Last week at Above The Law’s Attorney@Blog Conference I was struck by what I saw as failure to understand the essence of blogging.

Sure, one could call a blog merely a publication. Sure, you could focus on ways to draw traffic to your blog. And sure, you could focus on traffic and analytics as measures of success.

But why? That was my point while participating in the last panel of the day. Why would you ignore the history of blogging? History leaves clues for success.

Blogs began as an interactive medium. Bloggers didn’t just produce content to post on their blogs, they built social relations with their readers, with other bloggers, and the mainstream media.

Digital communities, including Usenet, Bulletin Board Systems (BBS), CompuServe, and AOL, were the precursor to blogs. Their threaded conversations shared information and insight. Trusting relationships and reputations were built as a result.

As blogs blossomed in the late 1990’s the concept of conversations through digital communities moved to blogs. Far beyond just comments the conversation was “inter-blog.”

Look at the bloggers of the late 90’s and early 2000’s for this “inter-blog” conversation. Dave Winer, Shel Israel, Rebecca Blood, or Robert Scoble. In the law, Rick Klau, Denise Howell, or Ernie Svenson. If you read their blogs you’d have seen a conversation between them and other bloggers.

When I started blogging in 2003 people called blogging a conversation. I didn’t get it. Maybe in the technology and innovation circles where the above bloggers lived, but not blogs like mine and certainly not law blogs.

But in 2005 Scoble blogged that until you referenced something he wrote or his name in one of your blog posts he couldn’t hear you. He was referring to listening to his blog url or his name – he listened via a RSS reader. Once he heard you he could engage you via his blog.

That resonated with me. I got it.

By blogging we were listening. We were engaging others in a real and meaningful way. We were collaborating. We were building trust with each other and with the people (clients, prospective clients, referral sources) “watching” our conversation. We were building reputations with each other and with the people “watching” our conversation. We were building relationships with each other and those watching.

Wow! That’s gold for lawyers seeking professional and business development growth.

When Scoble and Israel authored in 2006 the seminal book on corporate blogging, “Naked Conversations: How Blogs are Changing the Way Businesses Talk with Customers,” they focused on the conversation.

They wrote that blogs offered businesses something that had long been lacking — meaningful dialogue. By entering into conversations through blogging businesses could humanize themselves in a way that improves both their image and their bottom line.
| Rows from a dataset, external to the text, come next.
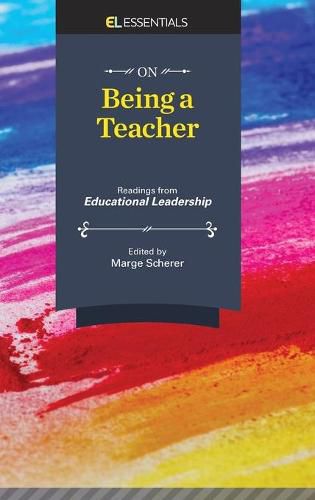 Cover image for On Being a Teacher: Readings from Educational Leadership (El Essentials)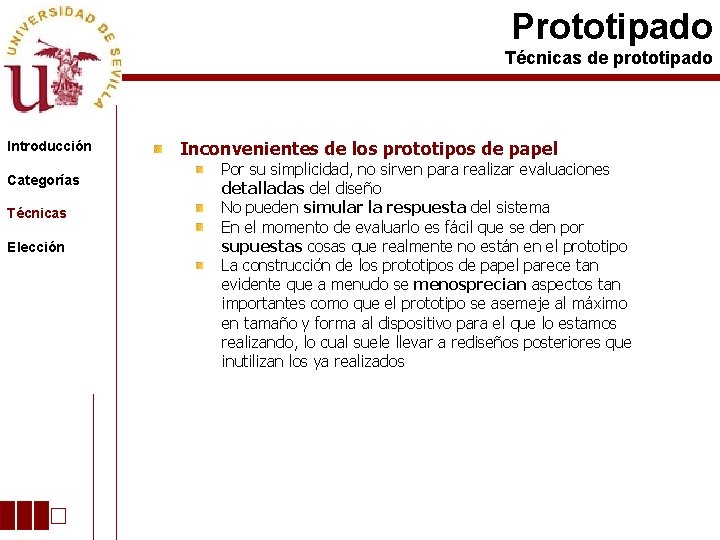 Prototipado Técnicas de prototipado Introducción Categorías Técnicas Elección Inconvenientes de los prototipos de papel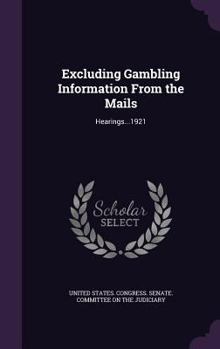 Hardcover Excluding Gambling Information From the Mails: Hearings...1921 Book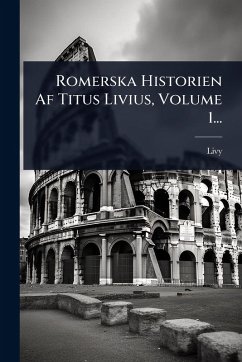 Cover Romerska Historien Af Titus Livius, Volume 1...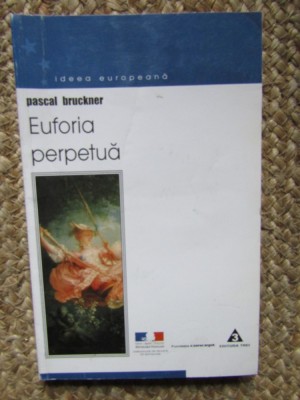 EUFORIA PERPETUA - PASCAL BRUCKNER foto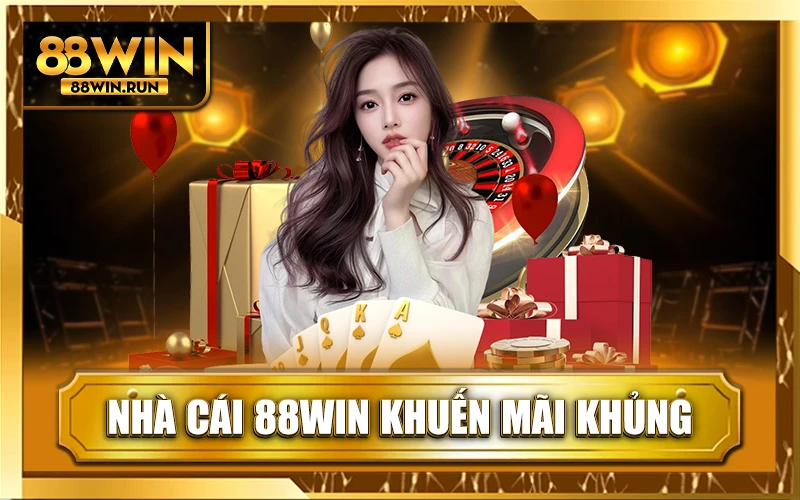 Nhà Cái 88WIN Khuến Mãi Khủng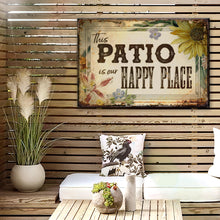 Load image into Gallery viewer, This Patio Is Our Happy Place Sign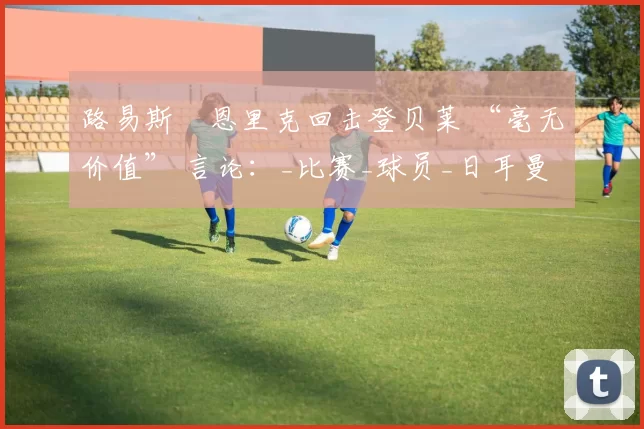路易斯・恩里克回击登贝莱 “毫无价值” 言论：_比赛_球员_日耳曼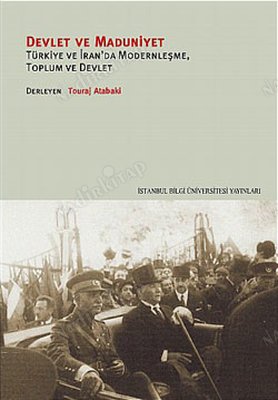 Devlet ve Maduniyet / Türkiye ve İran'da Modernleşme, Toplum ve Devlet kapağı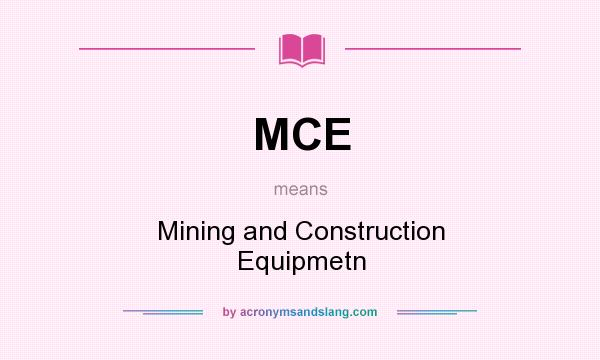 What does MCE mean? It stands for Mining and Construction Equipmetn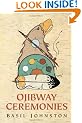 Ojibway Ceremonies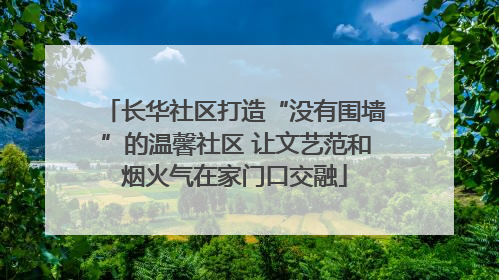 长华社区打造“没有围墙”的温馨社区 让文艺范和烟火气在家门口交融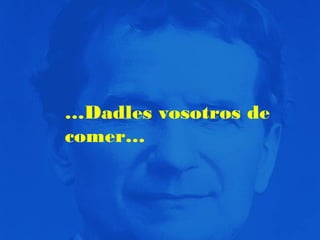 …Dadles vosotros de
comer…

 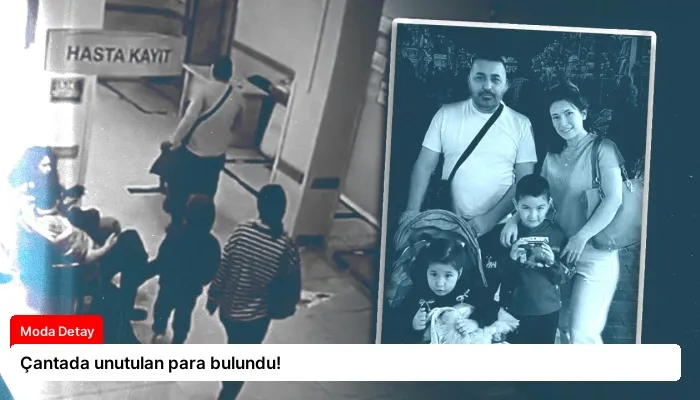 Çantada unutulan para bulundu!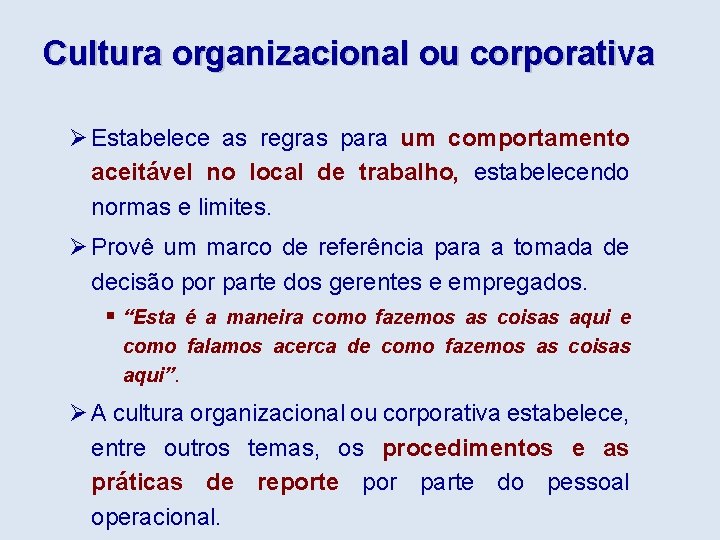 Cultura organizacional ou corporativa Ø Estabelece as regras para um comportamento aceitável no local
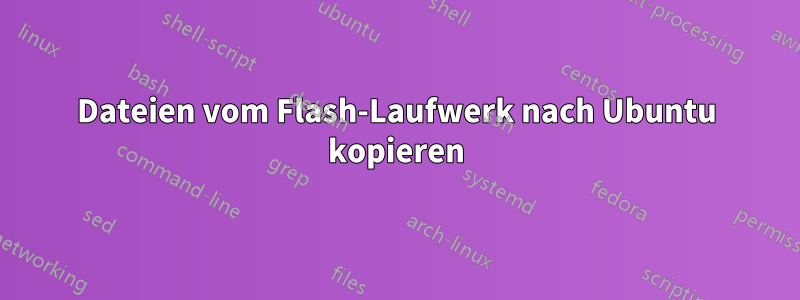 Dateien vom Flash-Laufwerk nach Ubuntu kopieren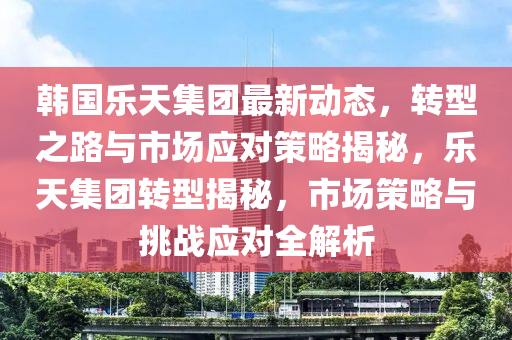 韩国乐天集团最新动态，转型之路与市场应对策略揭秘，乐天集团转型揭秘，市场策略与挑战应对全解析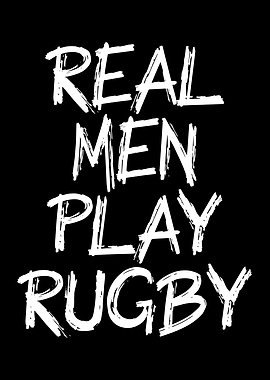 real men play rugby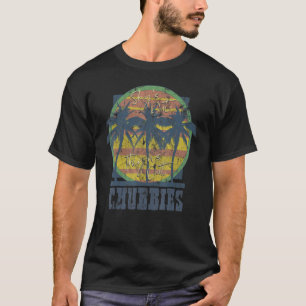 Chubbies Skyu2019s Out Thighs Out Vintage Retro Be T-Shirt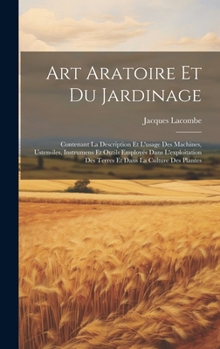 Hardcover Art Aratoire Et Du Jardinage: Contenant La Description Et L'usage Des Machines, Ustensiles, Instrumens Et Outils Employés Dans L'exploitation Des Te [French] Book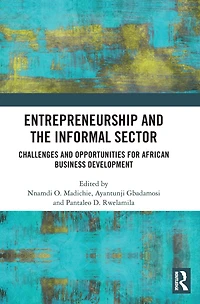 Entrepreneurship and the Informal Sector: Challenges Opportunities for African Business Development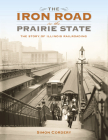 The Iron Road in the Prairie State: The Story of Illinois Railroading (Railroads Past and Present) By Simon Cordery Cover Image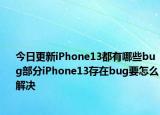 今日更新iPhone13都有哪些bug部分iPhone13存在bug要怎么解决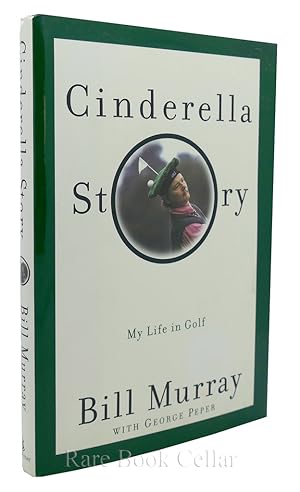CINDERELLA STORY My Life in Golf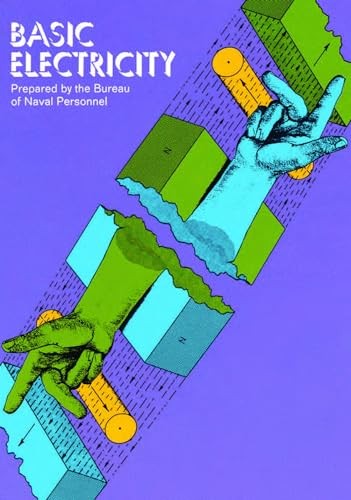 Basic Electricity (Dover Books o… by of Naval, U.S. Burea Paperback / softback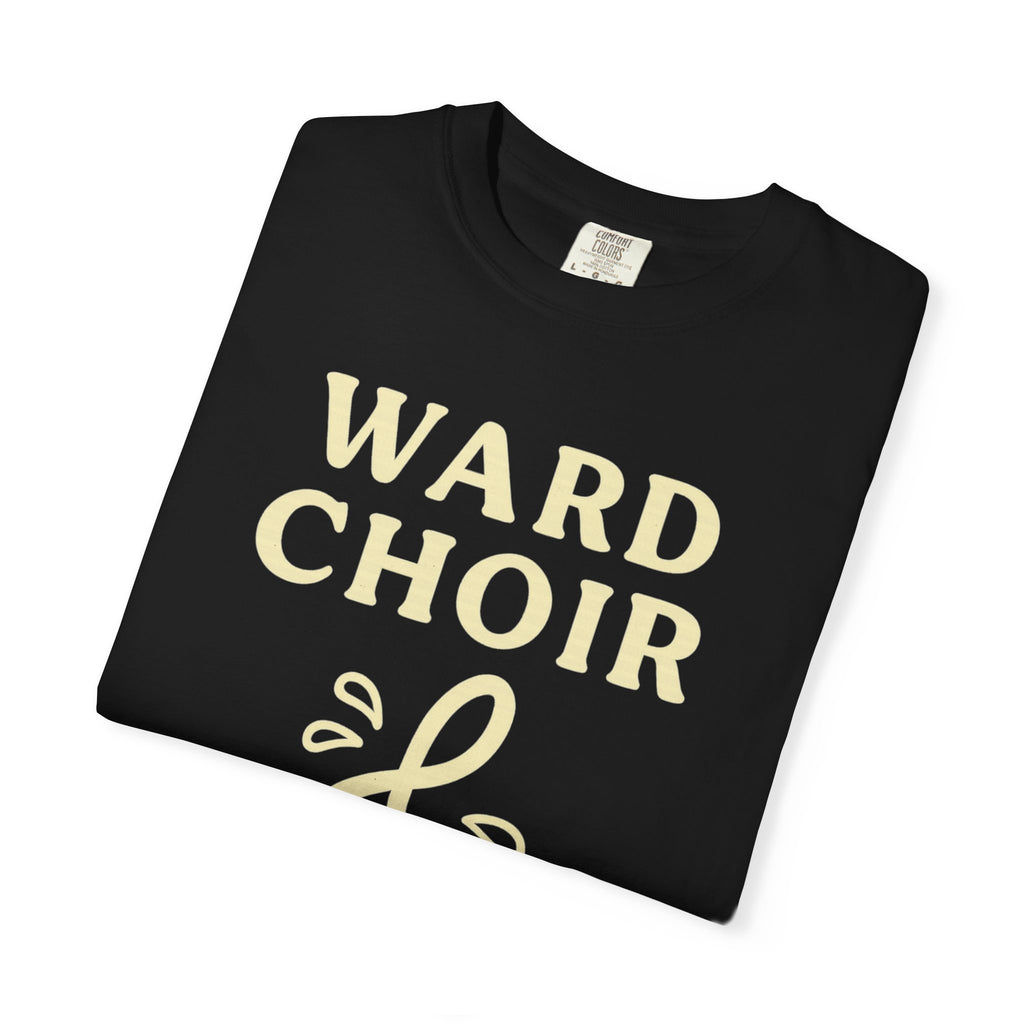 "Ward Choir Survivor" Unisex Garment-Dyed T-shirt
The fact that blogs have been bastardized by web developers and marketing/communications’ professionals into something they are not is not serving lawyers well. Articles, content marketing, SEO magnets, alerts, and what have you. They are all a far cry from the origins of blogging.

Lawyers seeking something easy and shallow can go with the flow. Someone will always be there to take your money. Those lawyers seeking the long term benefits of relationships and a reputation as a “go to” lawyer would be well served to study the history of blogging.

I acknowledged at the conference that there can be different purposes for a blog, some that may not even need to recognize the conversational aspect. But they seem to be the exception when it comes to practicing lawyers.